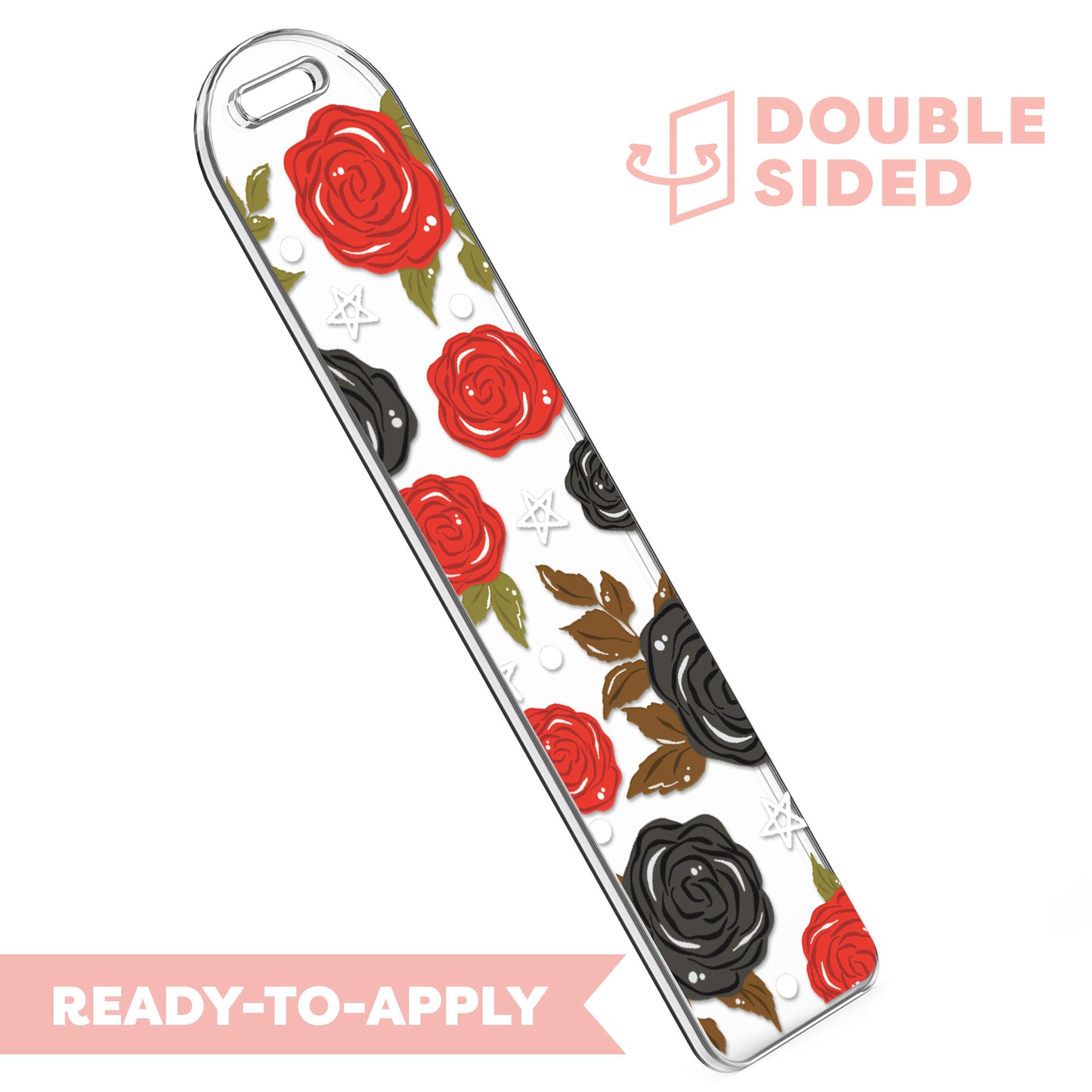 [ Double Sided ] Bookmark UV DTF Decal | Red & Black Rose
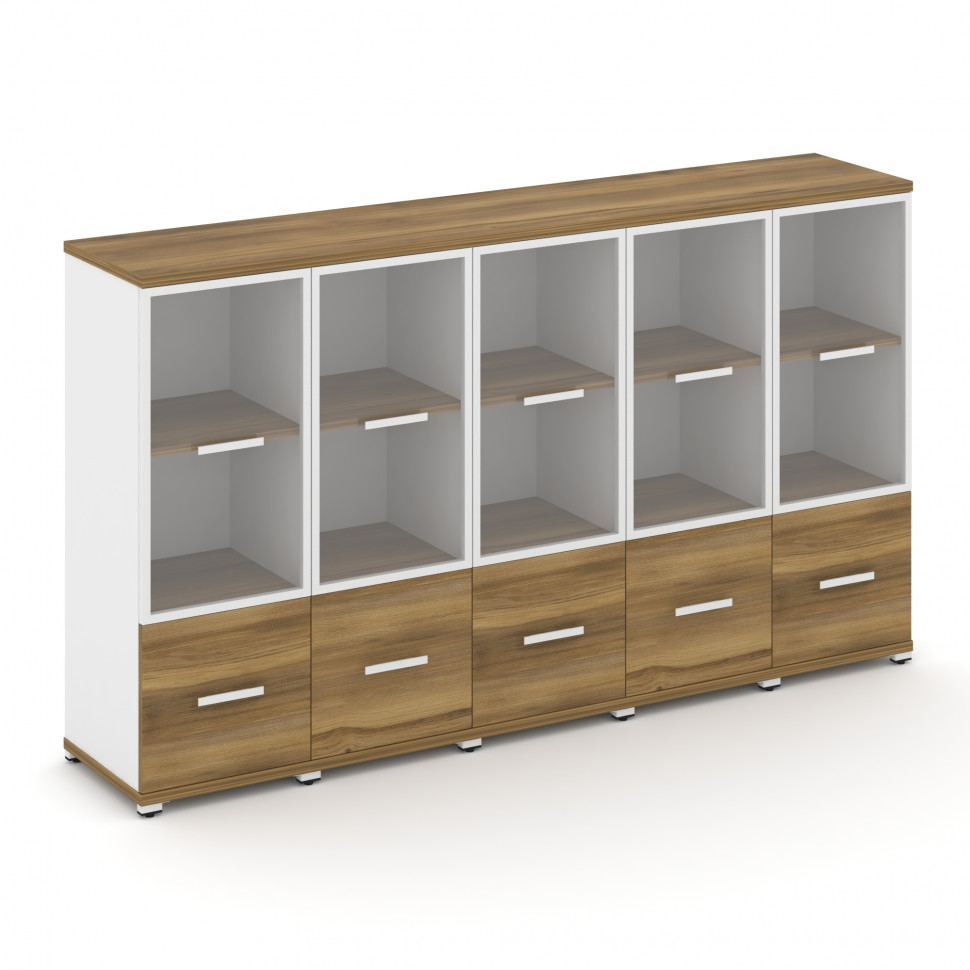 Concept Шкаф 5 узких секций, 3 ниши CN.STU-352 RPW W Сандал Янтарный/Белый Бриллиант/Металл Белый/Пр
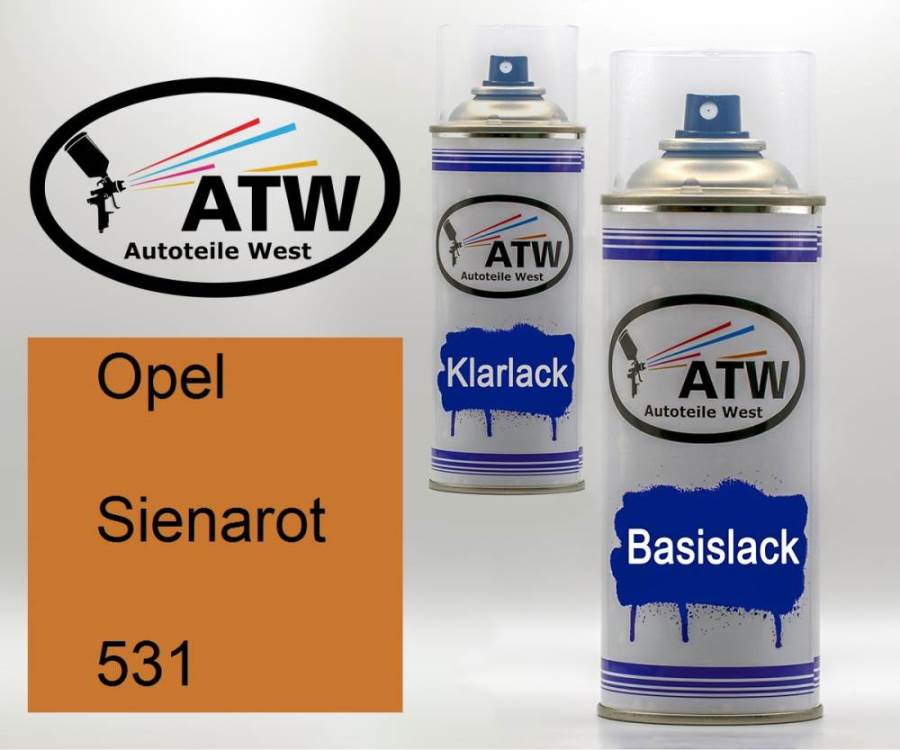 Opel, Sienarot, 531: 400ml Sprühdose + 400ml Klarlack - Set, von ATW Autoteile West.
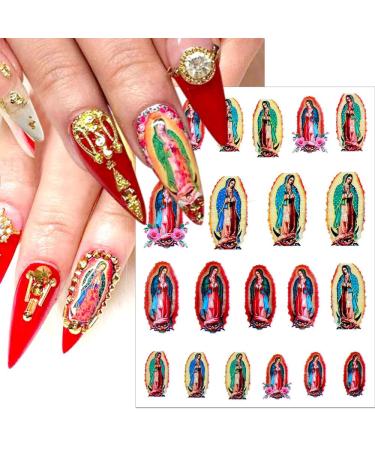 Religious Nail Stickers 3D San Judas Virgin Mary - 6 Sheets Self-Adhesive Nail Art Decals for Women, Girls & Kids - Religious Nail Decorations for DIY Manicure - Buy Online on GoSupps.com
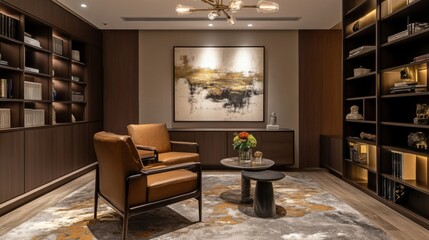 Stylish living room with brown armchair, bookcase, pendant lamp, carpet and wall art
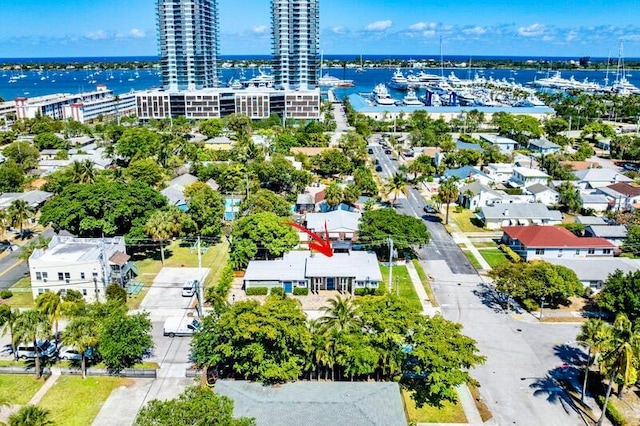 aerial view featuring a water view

+-------+

■ To do
Beginning with the line that bears "Stylish living room", output each line through the last line of the listing exactly, and no others; skip the pictures.

■ Expected answer
 Stylish living room with brown armchair, bookcase, pendant lamp, carpet and wall art
 aerial view featuring a water view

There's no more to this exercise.